Predicting and filling the needs for optimal staffing and resources is a challenge for most small businesses at any time of the year. The holidays are especially difficult.
“It is time when almost every employee wants to spend time with family, travel, celebrate, and more,” says Sherry B. Jordan, who grew up in family businesses, and for the last 20 years has been coaching high performance executives, small business owners, solo entrepreneurs, and professional teams to success.
“They often all want the same day(s) as vacation days, making it a difficult decision for business owners to maintain staff needed for full productivity and still honor the needs of their most valuable asset, their employees,” adds Jordan, who is also the author of Plan it! Do It!
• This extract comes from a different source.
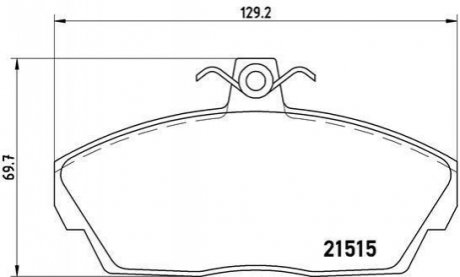 Гальмівні колодки дискові BREMBO P44 010 (фото 1)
Love It!: Be Outrageously Successful Living the Small Business Lifestyle.
While most employers would agree that it is important to give employees time off when it is most important to them, they also agree that optimal staffing is needed to avoid a decline in customer service, missed deadlines, and long wait times, all of which could create long term damage for a small business, says Jordan.
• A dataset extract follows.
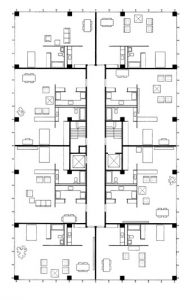 860-880 Lake Shore Drive - Ludwig Mies van der Rohe plan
So, what are business owners to do? These two needs are diametrically opposed. A compromise is needed. That typically starts with a few policies and procedures.
Policies and Procedures for Time Off
First, it is important to set policy on the amount of vacation or time off that is due employees. That can range from no time off for new employees or those that are not full time, to a number of weeks for those that have had long service with your business. “How they earn that time off and how many consecutive days they are required or allowed to take should be clearly stated in the Employee Handbook,” says Jordan.
Next there should be a clearly stated time off approval process. This process should include the process for requesting time off, and by whom and how the time off will be approved. For holiday time off, many employers require that the request be made by a deadline earlier in the year so that, with proper planning, as many requests can be accommodated as possible. Often these decisions are made on a seniority basis or simply first requested, first approved.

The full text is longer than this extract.